Beirut: In the volatile environment that is Lebanon, each declaration made by Hezbollah Secretary-General Hassan Nasrallah carries a special weight, often adding to intractable conditions that now pit Shiites and Sunnis against each other throughout the Muslim World. A few days ago, Nasrallah claimed that Saudi Arabia was chiefly responsible for extremist ideologies—takfiris in his terminology—that beset the region, led by Daesh.
“Nowadays, the prime responsibility in the Islamic world for stopping the proliferation of this ideology falls on Saudi Arabia,” Nasrallah pounded in a televised speech, and “it is not enough to create an international coalition and bring the armies of the world to fight Daesh.” Rather, he hammered, “my remarks are addressed to everyone [in Saudi Arabia]: close the schools that are educating the followers of this Daesh ideology and stop labeling people as polytheists for the most trivial reasons.”
No matter how unpalatable, Nasrallah’s perceptions touched a raw nerve in Riyadh, when Prince Mit‘ab Bin Abdullah, the country’s Minister of the National Guard and the ruler’s eldest son, responded. The kingdom was “among the first states that fought terrorism and suffered its attacks,” confirmed Prince Mit‘ab, adding: “I believe that the parties embracing and supporting terrorism have become well-known,” which was a direct reference to Hezbollah.
Irrespective of Hezbollah’s accusations, which most Lebanese concluded were highly questionable on account of imposed conflicts that served Iranian and Syrian interests, the overwhelming majority looked up to the Kingdom as a true supporter. In fact, an estimated 450,000 Lebanese citizens toiled in Saudi Arabia at any given time that, in turn, financially support at least 2 million others at home. Over the years, Riyadh generously backed successive Lebanese governments, best illustrated with its latest grants to the Lebanese Army. No other country disbursed $4 billion in aid to help the army.

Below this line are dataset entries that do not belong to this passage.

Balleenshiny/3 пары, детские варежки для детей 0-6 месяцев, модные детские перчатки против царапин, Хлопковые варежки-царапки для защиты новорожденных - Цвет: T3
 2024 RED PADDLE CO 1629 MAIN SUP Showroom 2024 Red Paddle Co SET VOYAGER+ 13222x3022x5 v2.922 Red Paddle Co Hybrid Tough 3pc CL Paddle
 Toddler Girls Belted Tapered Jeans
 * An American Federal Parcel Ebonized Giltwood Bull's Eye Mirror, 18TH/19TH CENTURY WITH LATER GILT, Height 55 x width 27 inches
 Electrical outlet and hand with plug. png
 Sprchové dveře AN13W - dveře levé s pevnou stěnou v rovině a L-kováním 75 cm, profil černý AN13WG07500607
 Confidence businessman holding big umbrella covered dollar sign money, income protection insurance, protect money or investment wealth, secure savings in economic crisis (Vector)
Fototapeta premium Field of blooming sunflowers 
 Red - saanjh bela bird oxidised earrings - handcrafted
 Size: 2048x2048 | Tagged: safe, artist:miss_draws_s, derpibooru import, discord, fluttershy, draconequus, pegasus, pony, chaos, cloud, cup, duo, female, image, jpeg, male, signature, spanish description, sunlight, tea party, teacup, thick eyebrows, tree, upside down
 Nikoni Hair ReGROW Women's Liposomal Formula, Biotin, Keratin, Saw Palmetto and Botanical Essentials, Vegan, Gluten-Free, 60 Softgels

Interestingly, while Nasrallah lambasted Riyadh, which answered in kind, most Lebanese, including most Lebanese-Shiites rejected the clash of civilization notion that Hezbollah professed. From Imam Musa Sadr to Sayyed Hani Fahs, from Imam Mohammad Mahdi Shams Al Din to Shaikh Mohammad Hussain Fadlallah, and from Sayyed Ali Al Amin, the former Mufti of South Lebanon and a prominent anti-Hezbollah Shiite cleric who was forcibly removed from his position in May 2008, to Shaikh Subhi Al Tufayli, a former Hezbollah Secretary-General (1989 until 1991) who once backed the late Ayatollah Ruhollah Khomeini, all rejected the party’s anti-Arab and anti-Sunni positions.
Al Tufayli opposed the party’s deployment in Syria and probably articulated the majority’s position best when he declared: “Hezbollah should not be defending the criminal regime that kills its own people and that has never fired a shot in defense of the Palestinians.” In a February 26, 2013 interview, he added: “those Hezbollah fighters who are killing children and terrorizing people and destroying houses in Syria will go to hell.” Even if these were harsh words, the tone reflected intrinsic tensions that became even more complicated in late 2014, after Hassan Nasrallah opted to launch direct attacks on Saudi Arabia.